▶ [INPUT DATA]
===

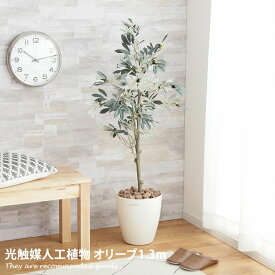 楽天市場 北欧 種類 植物 オリーブ 花 観葉植物 花 ガーデン Diy の通販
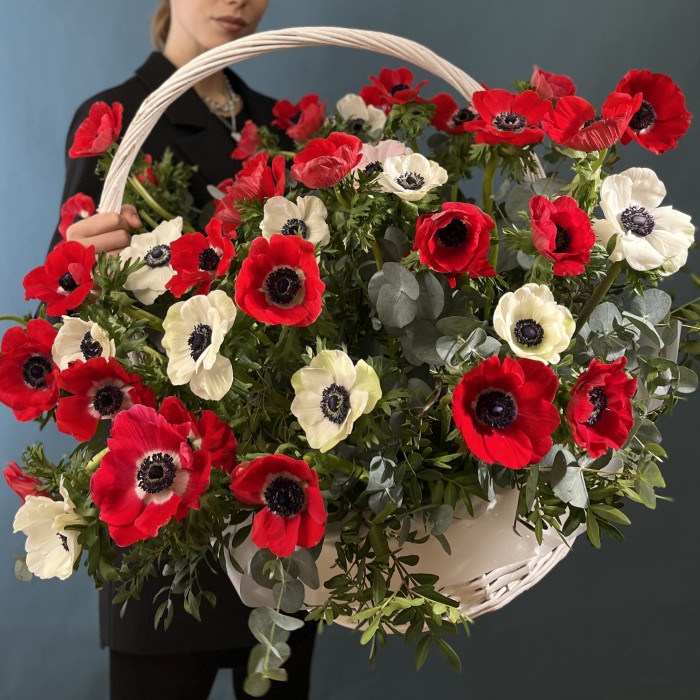 51 красный и белый Анемон в корзине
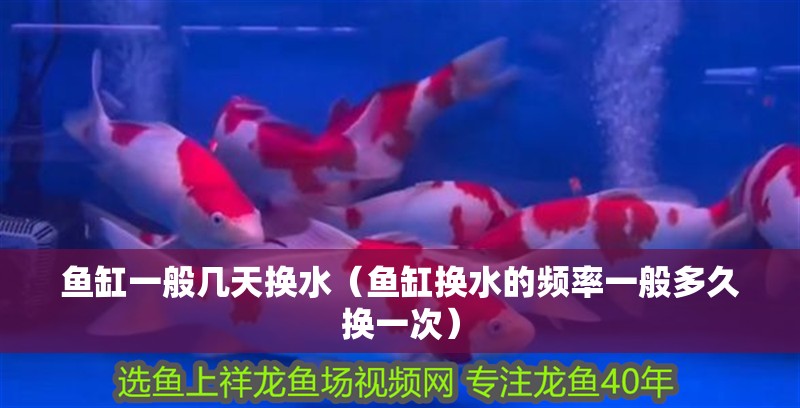 魚缸一般幾天換水（魚缸換水的頻率一般多久換一次）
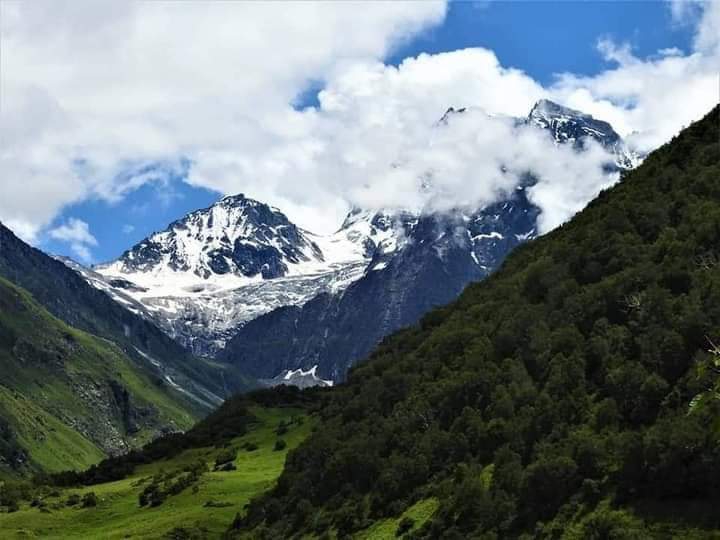 nature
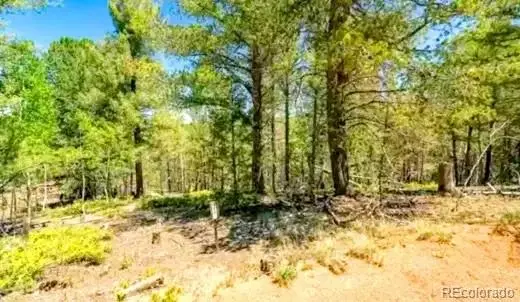 111 Co 67, Cripple Creek, CO 80813 - #3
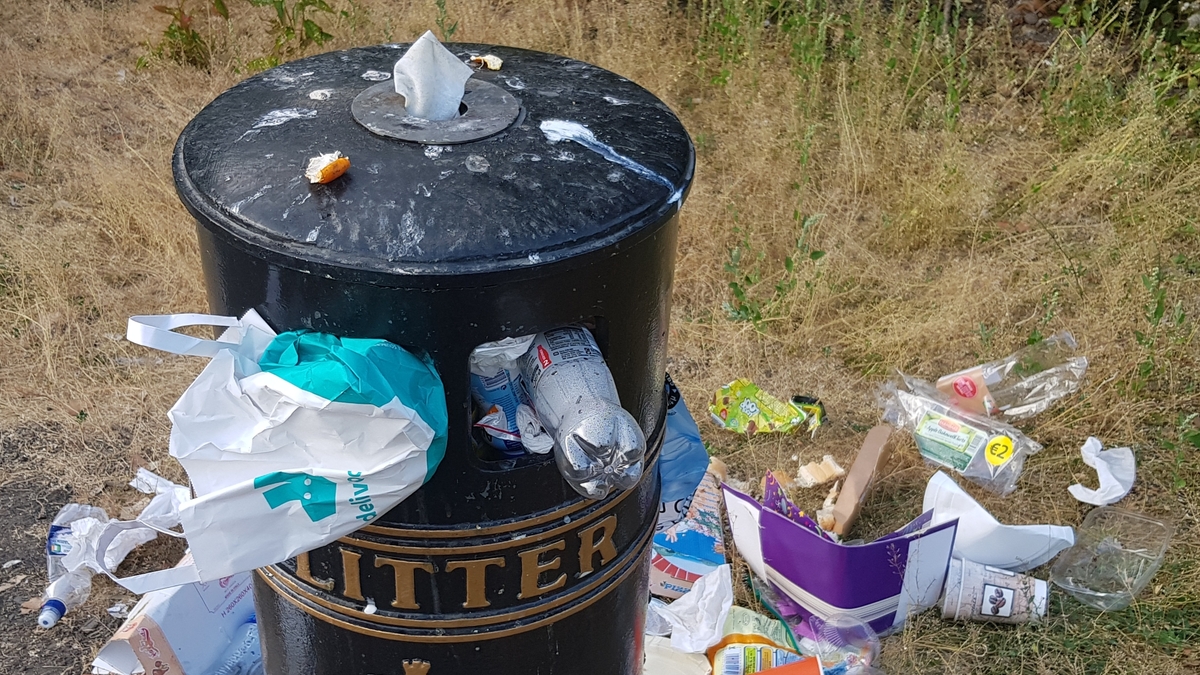 Why do People Litter?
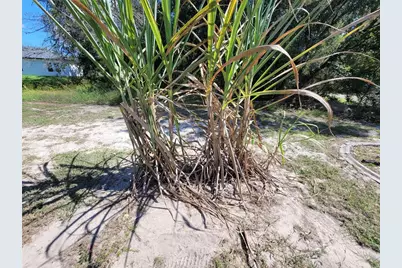 7098 SW 131st Loop, Ocala, FL 34473 - Photo 43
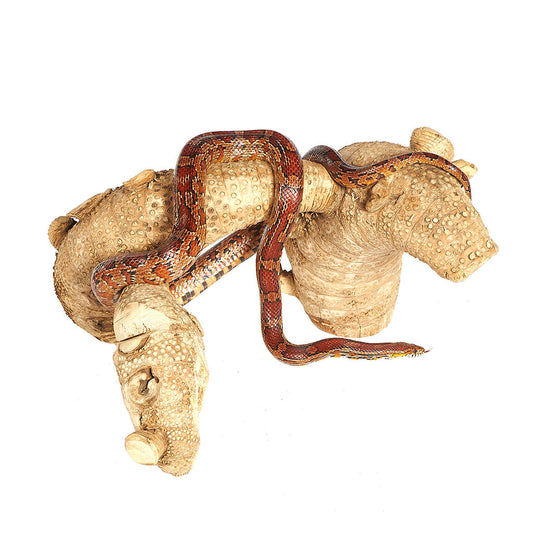 4205 - Spider Root Medium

===

▶ [TASK] Starting at the line that contains "魚缸一般幾天換水（魚缸換水的頻率一般多久換一次）" and ending with the last line of the data, transcribe every line exactly; skip the pictures.

▶ [RESPONSE TO THIS EXERCISE]
 魚缸一般幾天換水（魚缸換水的頻率一般多久換一次）
 nature
 111 Co 67, Cripple Creek, CO 80813 - #3
 Why do People Litter?
 7098 SW 131st Loop, Ocala, FL 34473 - Photo 43
 4205 - Spider Root Medium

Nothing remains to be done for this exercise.